#### To do
Given the entries that follow, write out exactly the lines starting at the one containing "Jūrų laivyno audinys" and ending at the one containing "Peut inclure: Deux", both ends included, and only those.

#### Data in this exercise
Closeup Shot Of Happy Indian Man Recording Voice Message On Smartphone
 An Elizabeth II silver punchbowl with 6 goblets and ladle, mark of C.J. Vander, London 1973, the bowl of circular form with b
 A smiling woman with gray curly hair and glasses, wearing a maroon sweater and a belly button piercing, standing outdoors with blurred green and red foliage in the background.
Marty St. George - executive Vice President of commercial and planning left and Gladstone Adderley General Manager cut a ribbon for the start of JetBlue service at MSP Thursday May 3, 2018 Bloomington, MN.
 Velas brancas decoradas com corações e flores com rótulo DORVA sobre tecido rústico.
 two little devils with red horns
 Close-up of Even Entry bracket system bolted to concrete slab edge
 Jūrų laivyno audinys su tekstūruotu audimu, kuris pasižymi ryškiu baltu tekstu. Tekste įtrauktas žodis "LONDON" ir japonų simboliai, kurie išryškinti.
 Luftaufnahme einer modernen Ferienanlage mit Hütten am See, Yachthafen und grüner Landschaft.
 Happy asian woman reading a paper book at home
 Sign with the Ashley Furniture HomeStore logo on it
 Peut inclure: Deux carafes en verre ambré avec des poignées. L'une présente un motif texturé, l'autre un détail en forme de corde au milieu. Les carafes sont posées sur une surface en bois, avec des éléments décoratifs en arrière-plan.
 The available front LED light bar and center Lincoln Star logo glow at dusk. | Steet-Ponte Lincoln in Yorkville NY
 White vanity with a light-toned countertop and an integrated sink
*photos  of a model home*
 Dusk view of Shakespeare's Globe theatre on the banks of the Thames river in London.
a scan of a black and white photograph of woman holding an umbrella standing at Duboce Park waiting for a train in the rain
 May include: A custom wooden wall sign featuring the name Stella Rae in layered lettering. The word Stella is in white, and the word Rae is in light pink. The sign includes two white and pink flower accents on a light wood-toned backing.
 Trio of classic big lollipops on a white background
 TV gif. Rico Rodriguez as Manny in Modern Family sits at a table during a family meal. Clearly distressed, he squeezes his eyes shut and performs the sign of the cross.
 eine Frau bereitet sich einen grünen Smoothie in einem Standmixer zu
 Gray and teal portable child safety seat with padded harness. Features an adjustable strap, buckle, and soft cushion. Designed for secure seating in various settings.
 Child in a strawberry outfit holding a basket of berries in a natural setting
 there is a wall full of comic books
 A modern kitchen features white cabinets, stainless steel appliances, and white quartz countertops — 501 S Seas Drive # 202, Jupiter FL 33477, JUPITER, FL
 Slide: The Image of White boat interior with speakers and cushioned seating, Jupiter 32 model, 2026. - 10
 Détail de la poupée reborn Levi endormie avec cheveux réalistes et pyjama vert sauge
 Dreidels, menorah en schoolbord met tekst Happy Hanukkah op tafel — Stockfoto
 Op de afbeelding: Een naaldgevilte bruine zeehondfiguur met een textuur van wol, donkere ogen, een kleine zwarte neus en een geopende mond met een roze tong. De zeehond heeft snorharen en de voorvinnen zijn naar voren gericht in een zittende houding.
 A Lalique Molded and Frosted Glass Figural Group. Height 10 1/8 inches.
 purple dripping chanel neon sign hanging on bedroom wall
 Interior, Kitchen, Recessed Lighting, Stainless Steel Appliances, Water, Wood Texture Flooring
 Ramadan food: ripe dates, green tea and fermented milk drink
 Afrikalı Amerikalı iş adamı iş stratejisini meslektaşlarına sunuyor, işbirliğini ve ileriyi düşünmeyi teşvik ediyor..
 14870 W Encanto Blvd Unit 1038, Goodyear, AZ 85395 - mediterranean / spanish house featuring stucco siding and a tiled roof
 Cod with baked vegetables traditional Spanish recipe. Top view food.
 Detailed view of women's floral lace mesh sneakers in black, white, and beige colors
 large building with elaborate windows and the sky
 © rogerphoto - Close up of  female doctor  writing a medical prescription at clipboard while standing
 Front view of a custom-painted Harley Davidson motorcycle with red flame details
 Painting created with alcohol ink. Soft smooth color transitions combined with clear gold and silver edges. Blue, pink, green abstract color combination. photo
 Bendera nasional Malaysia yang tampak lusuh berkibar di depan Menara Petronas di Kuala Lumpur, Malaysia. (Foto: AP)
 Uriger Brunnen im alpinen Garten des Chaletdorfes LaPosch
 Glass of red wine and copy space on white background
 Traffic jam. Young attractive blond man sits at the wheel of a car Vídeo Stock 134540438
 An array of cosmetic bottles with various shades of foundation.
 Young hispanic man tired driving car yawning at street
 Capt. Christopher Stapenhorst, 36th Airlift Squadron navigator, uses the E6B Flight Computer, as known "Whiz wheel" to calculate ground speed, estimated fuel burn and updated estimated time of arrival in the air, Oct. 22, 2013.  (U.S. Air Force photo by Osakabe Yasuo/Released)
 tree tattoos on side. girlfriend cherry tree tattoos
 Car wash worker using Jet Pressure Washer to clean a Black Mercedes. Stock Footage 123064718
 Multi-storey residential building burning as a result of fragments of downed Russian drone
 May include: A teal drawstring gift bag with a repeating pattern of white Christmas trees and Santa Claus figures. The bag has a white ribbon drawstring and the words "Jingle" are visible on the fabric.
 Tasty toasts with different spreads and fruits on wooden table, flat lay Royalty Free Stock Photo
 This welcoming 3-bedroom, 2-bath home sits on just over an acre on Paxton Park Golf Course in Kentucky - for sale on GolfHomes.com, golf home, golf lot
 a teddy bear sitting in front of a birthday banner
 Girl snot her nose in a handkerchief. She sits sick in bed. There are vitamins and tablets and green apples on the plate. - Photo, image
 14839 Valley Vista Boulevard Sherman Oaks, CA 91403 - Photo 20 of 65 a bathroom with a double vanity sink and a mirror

#### Response area
 Jūrų laivyno audinys su tekstūruotu audimu, kuris pasižymi ryškiu baltu tekstu. Tekste įtrauktas žodis "LONDON" ir japonų simboliai, kurie išryškinti.
 Luftaufnahme einer modernen Ferienanlage mit Hütten am See, Yachthafen und grüner Landschaft.
 Happy asian woman reading a paper book at home
 Sign with the Ashley Furniture HomeStore logo on it
 Peut inclure: Deux carafes en verre ambré avec des poignées. L'une présente un motif texturé, l'autre un détail en forme de corde au milieu. Les carafes sont posées sur une surface en bois, avec des éléments décoratifs en arrière-plan.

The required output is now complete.